WHAT IS REQUIRED: An exact copy of every line from the one holding "D. language, E." to the end of the entries below is required; leave the pictures out.

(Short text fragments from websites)

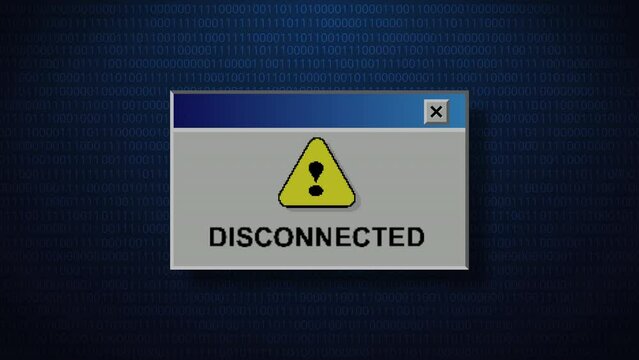 Old Computer Window with disconnected message.Glitch Modern Animation.Glitch Old Screen Display.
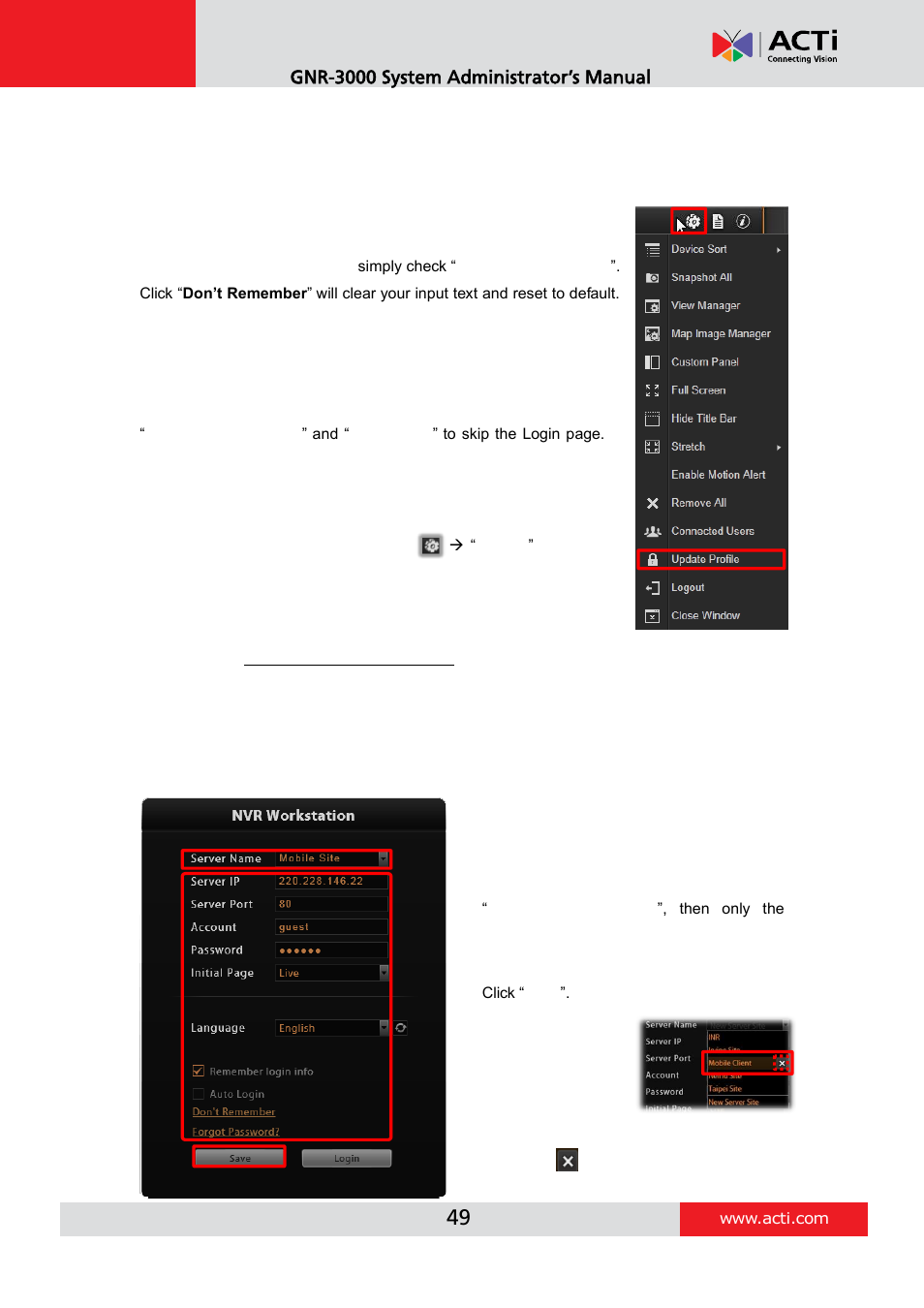 D. language, E. remember login information and auto login, F. retrieve the user password | G. server name/server sites list, Gnr-3000 system administrator’s manual | ACTi GNR-3000 V3.0.09 User Manual | Page 49 / 150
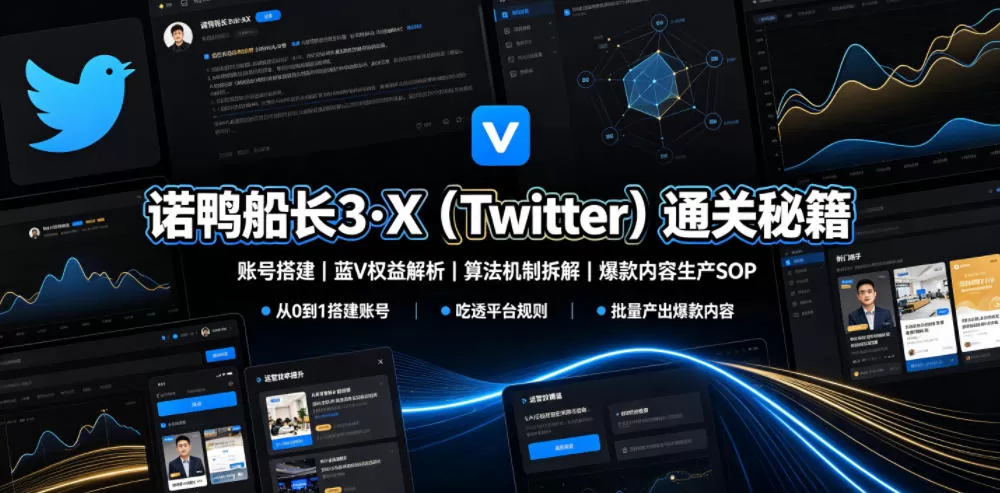诺鸭船长3·X（Twitter）通关秘籍，涵盖账号搭建、蓝V权益解析、算法机制拆解及爆款内容生产SOP-鹊桥梦网创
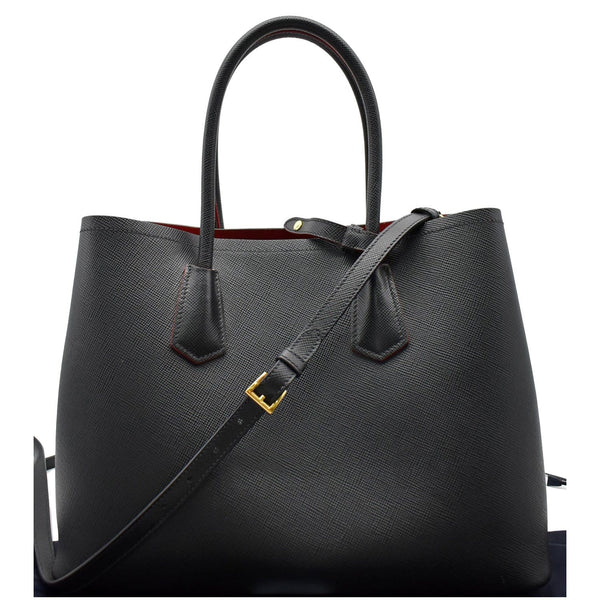 PRADA Double Handle Saffiano Leather Tote Shoulder Bag Black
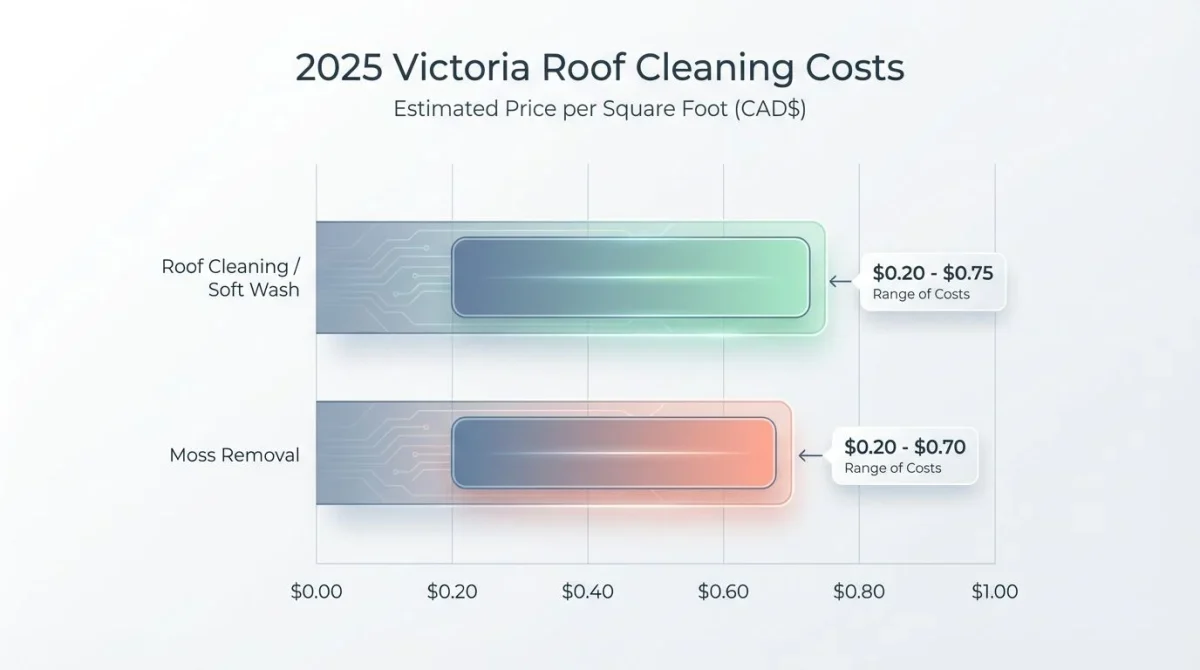 Bar chart showing 2025 pricing ranges for roof cleaning and moss removal in Victoria, BC.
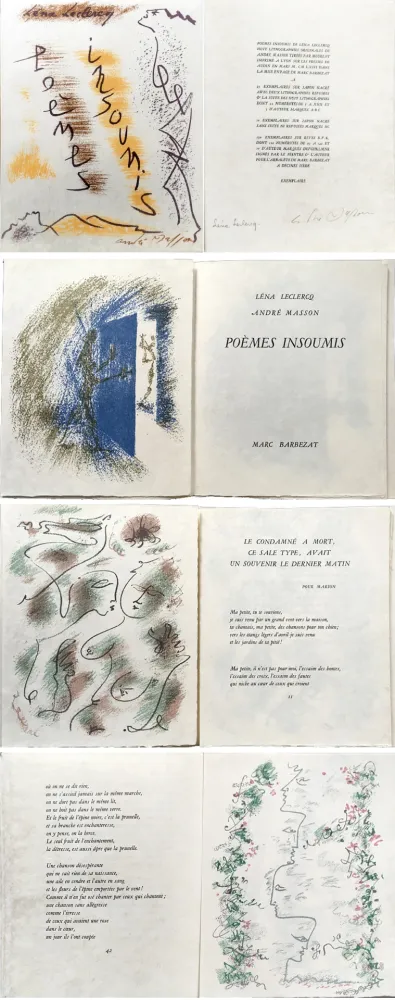 Livro Ilustrado Masson - Léna Leclercq. POÈMES INSOUMIS. Avec 10 lithographies sur Japon nacré (1963)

TASK SOLUTION:
 D. language, E. remember login information and auto login, F. retrieve the user password | G. server name/server sites list, Gnr-3000 system administrator’s manual | ACTi GNR-3000 V3.0.09 User Manual | Page 49 / 150
诺鸭船长3·X（Twitter）通关秘籍，涵盖账号搭建、蓝V权益解析、算法机制拆解及爆款内容生产SOP-鹊桥梦网创
 PRADA Double Handle Saffiano Leather Tote Shoulder Bag Black
 Bar chart showing 2025 pricing ranges for roof cleaning and moss removal in Victoria, BC.
 Livro Ilustrado Masson - Léna Leclercq. POÈMES INSOUMIS. Avec 10 lithographies sur Japon nacré (1963)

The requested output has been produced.